Jörg Schilling has produced a similar document which readers are invited
to examine. It presents an alternate viewpoint. It can be found at:
http://www.fokus.gmd.de/research/cc/glone/employees/joerg.schilling/private/sg.txt
A sadder, less structured presentation can be found at:
http://www.fokus.gmd.de/research/cc/glone/employees/joerg.schilling/private/linuxscsi.html


The original header: HEADER 0
-----------------------------

struct sg_header {
    int pack_len;   /* [o] by implementation, [i] by documentation */
    int reply_len;  /* [i] */
    int pack_id;    /* [io], untouched by implementation */
    int result;     /* [o] */
    unsigned int twelve_byte:1;  /* [i] */
    unsigned int other_flags:31; /* "not used" according to documentation */
                                 /* also described as "for future use" */
    unsigned char sense_buffer[16]; /* [o] */
};

This interface was written by Lawrence Foard in 1992.
The "documentation" referred to is the SCSI Programming HOWTO v1.5
written by Heiko Eißfeldt on 7th May 1996. It is still the official
LDP HOWTO on this driver at time of writing.
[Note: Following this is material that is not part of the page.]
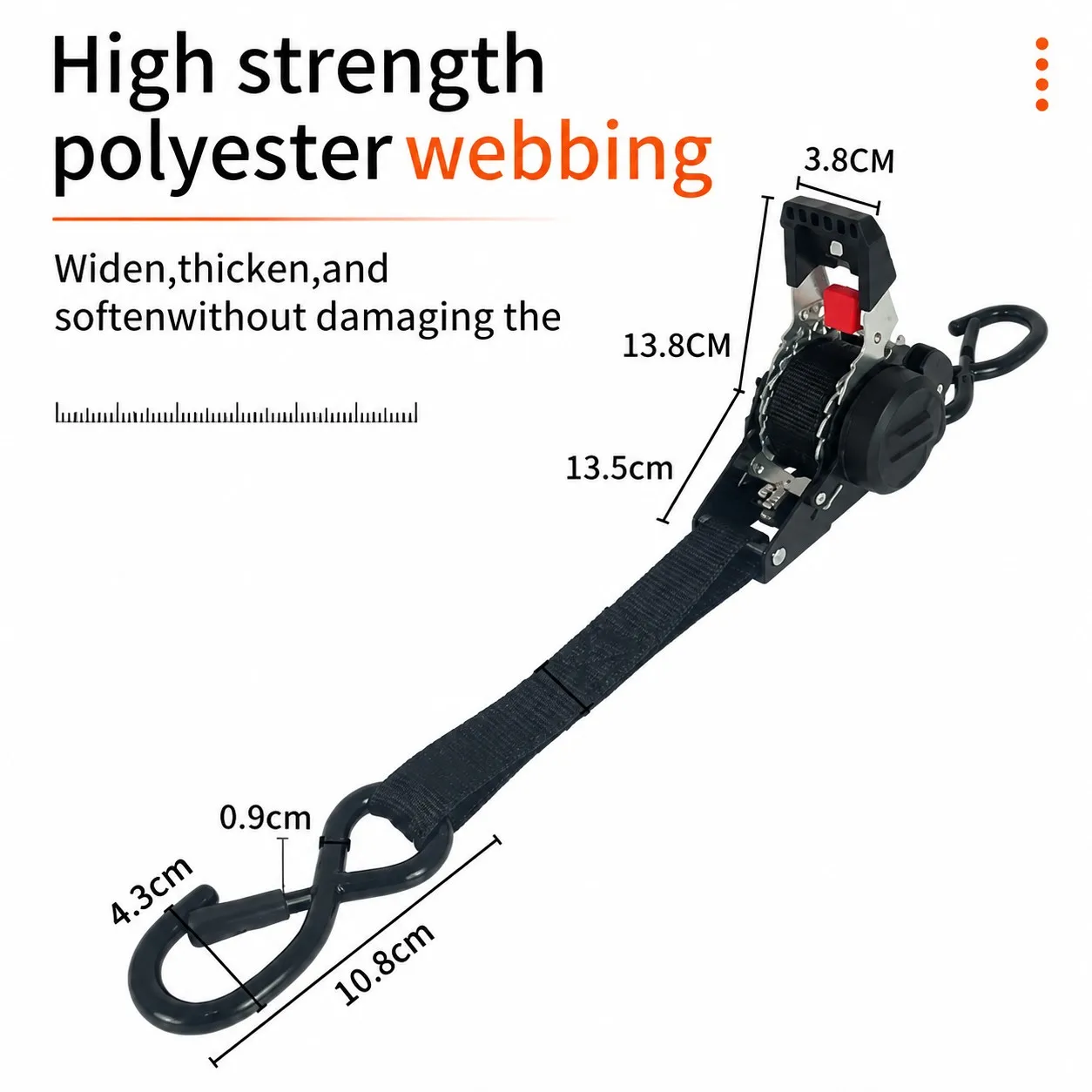 Automatic cargo recycling tensioner car strap motorcycle fixed cargo strap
When "documentation"
is referred to below it is a reference to this document.


Proposed HEADER A
-----------------

struct sg_header {
/*
 * cmd_status contains:
 * driver_byte << 24 | host_byte << 16 | msg_byte << 8 | status_byte
 */
#define sg_cmd_status   pack_len
  int pack_len;      /* [i] length of incoming packet (including header) 
                        / [o] command status */
  int reply_len      /* [i] maximum length of expected reply 
                        / [o] actual transfer count */
  int pack_id;       /* [i/o] id number of packet */
  int result;        /* [o] 0==ok, otherwise refer to errno codes */
  unsigned int twelve_byte :1;  /* [i] OBSOLETE: Force 12 byte command 
                                   length (unused if want_new is set) */
  unsigned int want_new    :1;  /* [i] User requests new behavior */
  unsigned int grant_new   :1;  /* [o] Driver grants new behavior */
  unsigned int cdb_len     :5;  /* [i] Command descriptor block 
                                   length 6..31 (mandatory) */
  unsigned int sense_len   :5;  /* [i/o] Set max / get actual sense 
                                   length 0..31 (mandatory) */
  unsigned int other_flags :19; /* for future use */
  unsigned char sense_buffer[SG_MAX_SENSE];/* [o] used only by reads */
        /* XXX mid-level currently only allocates 16 bytes to sense data,
         * XXX this violates CCS, SCSI-2, SCSI-3, but upgrading would
         * XXX break sg binary compatibility. If the mid-level is corrected,
         * XXX we need to introduce a ioctl to read the sense data.
         */
  /* command follows then data for command */
};

This interface and the implementation it was originally distributed
with bears Heiko Eißfeldt's copyright. It is said that it first 
appeared in April 1998. Of late it has been promoted by Jörg Schilling. 


Proposed HEADER B
-----------------

struct sg_header
{
    int pack_len;    /* [o] reply_len (ie useless) ignored as input */
    int reply_len;   /* [i] max length of expected reply (inc. sg_header) */
    int pack_id;     /* [io] id number of packet (use ints >= 0) */
    int result;      /* [o] 0==ok, else (+ve) Unix errno code (e.g. EIO) */
    unsigned int twelve_byte:1;
        /* [i] Force 12 byte command length for group 6 & 7 commands  */
    unsigned int target_status:5;   /* [o] scsi status from target */
    unsigned int host_status:8;     /* [o] host status (see "DID" codes) */
    unsigned int driver_status:8;   /* [o] driver status+suggestion */
    unsigned int other_flags:10;    /* unused */
    unsigned char sense_buffer[SG_MAX_SENSE]; /* [o] Output in 3 cases:
           when target_status is CHECK_CONDITION or 
           when target_status is COMMAND_TERMINATED or
           when (driver_status & DRIVER_SENSE) is true. */
};      /* This structure is 36 bytes long on i386 */

This interface is written by the author and although not publicly
released until January 1999, it was presented to Eric Youngdale
and Jörg Schilling around September 1998. It was developed
without knowledge of HEADER A.


A Comparison of HEADER A and HEADER B
-------------------------------------

The first point to make is that neither interface is anywhere near
ideal since they are attempting to squeeze a bit of extra functionality
out of an existing interface in a backward compatible way. A
better approach may be a dual interface: one interface with little
or no extra functionality (eg HEADER 0 or HEADER B) together with
a completely new header that just happened to have an interface
identify number in the position corresponding to 'reply_len'
which had a negative value. The implementation knows that 'reply_len'
is always given as input and should be positive for the current
interface. Hence a negative value could flag a completely different
interface, one with more in common with CAM, or at least one that
could support scatter gather in the user space and direct io.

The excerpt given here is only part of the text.